Beginning with the first line below, please restate each line exactly, down to and including the line containing "Delicious homemade hot".

┌─ Record excerpts

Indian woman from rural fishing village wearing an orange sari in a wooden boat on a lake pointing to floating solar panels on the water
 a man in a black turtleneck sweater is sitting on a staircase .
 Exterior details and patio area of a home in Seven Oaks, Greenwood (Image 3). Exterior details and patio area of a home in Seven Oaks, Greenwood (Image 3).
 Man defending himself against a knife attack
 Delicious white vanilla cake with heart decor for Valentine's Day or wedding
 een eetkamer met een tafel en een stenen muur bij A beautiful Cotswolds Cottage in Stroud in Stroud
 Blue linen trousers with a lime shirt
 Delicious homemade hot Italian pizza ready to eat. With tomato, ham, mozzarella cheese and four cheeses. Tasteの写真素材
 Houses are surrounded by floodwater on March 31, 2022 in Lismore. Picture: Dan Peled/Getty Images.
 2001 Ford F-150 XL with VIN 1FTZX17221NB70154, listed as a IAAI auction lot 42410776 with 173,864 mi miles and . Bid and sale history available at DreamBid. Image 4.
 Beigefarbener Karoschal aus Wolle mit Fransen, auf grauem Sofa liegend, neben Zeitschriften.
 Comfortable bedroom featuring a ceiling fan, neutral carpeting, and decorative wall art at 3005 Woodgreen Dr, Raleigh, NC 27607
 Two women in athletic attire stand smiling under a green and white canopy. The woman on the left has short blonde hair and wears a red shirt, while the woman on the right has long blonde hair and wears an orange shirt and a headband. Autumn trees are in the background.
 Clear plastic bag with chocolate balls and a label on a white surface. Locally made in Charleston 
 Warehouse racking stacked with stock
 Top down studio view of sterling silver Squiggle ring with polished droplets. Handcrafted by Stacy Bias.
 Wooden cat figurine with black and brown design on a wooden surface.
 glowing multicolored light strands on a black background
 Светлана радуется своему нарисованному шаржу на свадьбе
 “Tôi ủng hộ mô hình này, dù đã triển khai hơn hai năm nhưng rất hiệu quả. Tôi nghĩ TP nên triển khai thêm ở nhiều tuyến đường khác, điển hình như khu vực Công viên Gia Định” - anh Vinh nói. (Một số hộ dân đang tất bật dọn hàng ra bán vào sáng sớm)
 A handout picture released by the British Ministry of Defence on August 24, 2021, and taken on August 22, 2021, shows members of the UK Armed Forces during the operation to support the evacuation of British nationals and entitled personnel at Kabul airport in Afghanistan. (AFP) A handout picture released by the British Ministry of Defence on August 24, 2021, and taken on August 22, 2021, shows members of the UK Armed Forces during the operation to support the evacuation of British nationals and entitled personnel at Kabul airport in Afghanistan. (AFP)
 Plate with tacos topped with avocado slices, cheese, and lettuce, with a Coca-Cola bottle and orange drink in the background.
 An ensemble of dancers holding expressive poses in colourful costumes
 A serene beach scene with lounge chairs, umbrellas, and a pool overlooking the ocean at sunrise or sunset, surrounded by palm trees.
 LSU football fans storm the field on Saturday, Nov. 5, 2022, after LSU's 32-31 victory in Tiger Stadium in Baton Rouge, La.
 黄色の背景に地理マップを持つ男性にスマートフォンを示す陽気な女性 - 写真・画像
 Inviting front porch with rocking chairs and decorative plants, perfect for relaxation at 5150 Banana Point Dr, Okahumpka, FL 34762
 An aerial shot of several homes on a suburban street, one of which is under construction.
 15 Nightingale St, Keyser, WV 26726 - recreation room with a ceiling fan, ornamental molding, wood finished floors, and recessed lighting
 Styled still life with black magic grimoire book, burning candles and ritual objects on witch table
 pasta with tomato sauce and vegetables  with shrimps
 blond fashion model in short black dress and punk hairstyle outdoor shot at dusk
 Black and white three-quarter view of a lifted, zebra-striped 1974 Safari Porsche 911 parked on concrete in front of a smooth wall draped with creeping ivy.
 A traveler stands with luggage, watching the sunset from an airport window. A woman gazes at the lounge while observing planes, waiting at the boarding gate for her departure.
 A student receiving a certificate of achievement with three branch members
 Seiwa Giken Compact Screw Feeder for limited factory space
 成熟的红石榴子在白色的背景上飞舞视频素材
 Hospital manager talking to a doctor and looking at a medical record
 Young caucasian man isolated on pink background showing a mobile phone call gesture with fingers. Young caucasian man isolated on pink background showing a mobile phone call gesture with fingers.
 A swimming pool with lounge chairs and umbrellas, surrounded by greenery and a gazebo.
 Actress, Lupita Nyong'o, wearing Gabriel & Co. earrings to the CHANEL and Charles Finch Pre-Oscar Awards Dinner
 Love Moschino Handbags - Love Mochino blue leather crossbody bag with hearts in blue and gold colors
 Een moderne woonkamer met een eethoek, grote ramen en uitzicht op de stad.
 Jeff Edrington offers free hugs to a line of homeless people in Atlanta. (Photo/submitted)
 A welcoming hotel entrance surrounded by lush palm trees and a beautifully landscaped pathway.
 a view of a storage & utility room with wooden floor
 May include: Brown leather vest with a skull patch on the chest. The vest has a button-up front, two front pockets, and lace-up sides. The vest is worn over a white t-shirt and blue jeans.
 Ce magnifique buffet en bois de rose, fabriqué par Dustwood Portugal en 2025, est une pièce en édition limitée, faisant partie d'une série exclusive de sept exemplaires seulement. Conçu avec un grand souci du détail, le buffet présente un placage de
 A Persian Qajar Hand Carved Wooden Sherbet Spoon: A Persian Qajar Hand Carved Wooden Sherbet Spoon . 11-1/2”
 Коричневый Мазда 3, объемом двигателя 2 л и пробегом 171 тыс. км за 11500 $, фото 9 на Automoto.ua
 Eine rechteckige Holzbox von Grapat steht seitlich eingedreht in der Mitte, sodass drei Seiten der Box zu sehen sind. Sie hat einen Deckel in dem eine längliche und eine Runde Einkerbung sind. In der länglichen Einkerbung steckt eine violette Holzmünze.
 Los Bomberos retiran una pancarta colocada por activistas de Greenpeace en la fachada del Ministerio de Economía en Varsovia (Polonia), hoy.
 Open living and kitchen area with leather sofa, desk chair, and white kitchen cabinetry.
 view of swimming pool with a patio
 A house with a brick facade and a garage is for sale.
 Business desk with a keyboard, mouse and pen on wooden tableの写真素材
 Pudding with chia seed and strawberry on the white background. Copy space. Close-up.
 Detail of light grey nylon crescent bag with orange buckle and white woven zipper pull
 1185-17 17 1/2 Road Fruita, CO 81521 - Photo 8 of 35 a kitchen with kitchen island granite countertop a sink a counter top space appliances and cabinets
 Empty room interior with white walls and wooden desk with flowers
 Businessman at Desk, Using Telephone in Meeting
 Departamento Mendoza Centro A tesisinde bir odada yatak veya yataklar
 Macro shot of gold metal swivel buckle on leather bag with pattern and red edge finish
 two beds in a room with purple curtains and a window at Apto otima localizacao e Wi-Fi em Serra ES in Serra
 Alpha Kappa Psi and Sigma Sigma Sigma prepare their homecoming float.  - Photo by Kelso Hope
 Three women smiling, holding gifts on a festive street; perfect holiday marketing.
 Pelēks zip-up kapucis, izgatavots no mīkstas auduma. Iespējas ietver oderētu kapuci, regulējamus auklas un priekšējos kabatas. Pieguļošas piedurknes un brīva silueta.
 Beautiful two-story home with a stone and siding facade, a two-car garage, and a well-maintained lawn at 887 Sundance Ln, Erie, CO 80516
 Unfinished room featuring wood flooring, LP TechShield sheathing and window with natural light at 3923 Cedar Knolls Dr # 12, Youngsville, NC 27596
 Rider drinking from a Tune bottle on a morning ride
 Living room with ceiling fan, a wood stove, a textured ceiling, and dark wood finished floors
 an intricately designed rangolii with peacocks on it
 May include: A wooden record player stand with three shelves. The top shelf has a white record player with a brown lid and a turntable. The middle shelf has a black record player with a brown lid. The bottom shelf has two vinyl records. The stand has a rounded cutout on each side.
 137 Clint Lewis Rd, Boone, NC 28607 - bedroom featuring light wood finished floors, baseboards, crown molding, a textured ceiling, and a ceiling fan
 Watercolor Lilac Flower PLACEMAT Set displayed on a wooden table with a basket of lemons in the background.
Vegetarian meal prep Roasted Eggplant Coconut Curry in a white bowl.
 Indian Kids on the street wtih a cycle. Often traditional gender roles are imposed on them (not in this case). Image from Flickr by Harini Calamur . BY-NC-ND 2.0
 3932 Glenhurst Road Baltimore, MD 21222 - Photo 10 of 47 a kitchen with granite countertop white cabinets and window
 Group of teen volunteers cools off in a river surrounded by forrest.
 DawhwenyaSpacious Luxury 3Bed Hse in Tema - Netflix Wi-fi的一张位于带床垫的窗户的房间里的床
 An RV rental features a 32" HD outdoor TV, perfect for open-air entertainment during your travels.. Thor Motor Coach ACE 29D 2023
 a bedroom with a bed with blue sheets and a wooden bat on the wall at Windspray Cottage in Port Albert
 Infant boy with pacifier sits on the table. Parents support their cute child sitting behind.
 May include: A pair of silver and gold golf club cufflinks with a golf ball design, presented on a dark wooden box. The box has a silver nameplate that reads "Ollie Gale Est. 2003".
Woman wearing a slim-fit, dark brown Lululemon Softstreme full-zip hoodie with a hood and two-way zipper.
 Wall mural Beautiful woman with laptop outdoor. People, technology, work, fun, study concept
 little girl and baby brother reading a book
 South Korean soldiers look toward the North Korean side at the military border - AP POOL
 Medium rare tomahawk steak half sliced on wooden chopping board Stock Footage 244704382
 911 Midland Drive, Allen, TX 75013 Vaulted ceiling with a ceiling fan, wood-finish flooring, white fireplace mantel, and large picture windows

└─

* _Final answer_:
Indian woman from rural fishing village wearing an orange sari in a wooden boat on a lake pointing to floating solar panels on the water
 a man in a black turtleneck sweater is sitting on a staircase .
 Exterior details and patio area of a home in Seven Oaks, Greenwood (Image 3). Exterior details and patio area of a home in Seven Oaks, Greenwood (Image 3).
 Man defending himself against a knife attack
 Delicious white vanilla cake with heart decor for Valentine's Day or wedding
 een eetkamer met een tafel en een stenen muur bij A beautiful Cotswolds Cottage in Stroud in Stroud
 Blue linen trousers with a lime shirt
 Delicious homemade hot Italian pizza ready to eat. With tomato, ham, mozzarella cheese and four cheeses. Tasteの写真素材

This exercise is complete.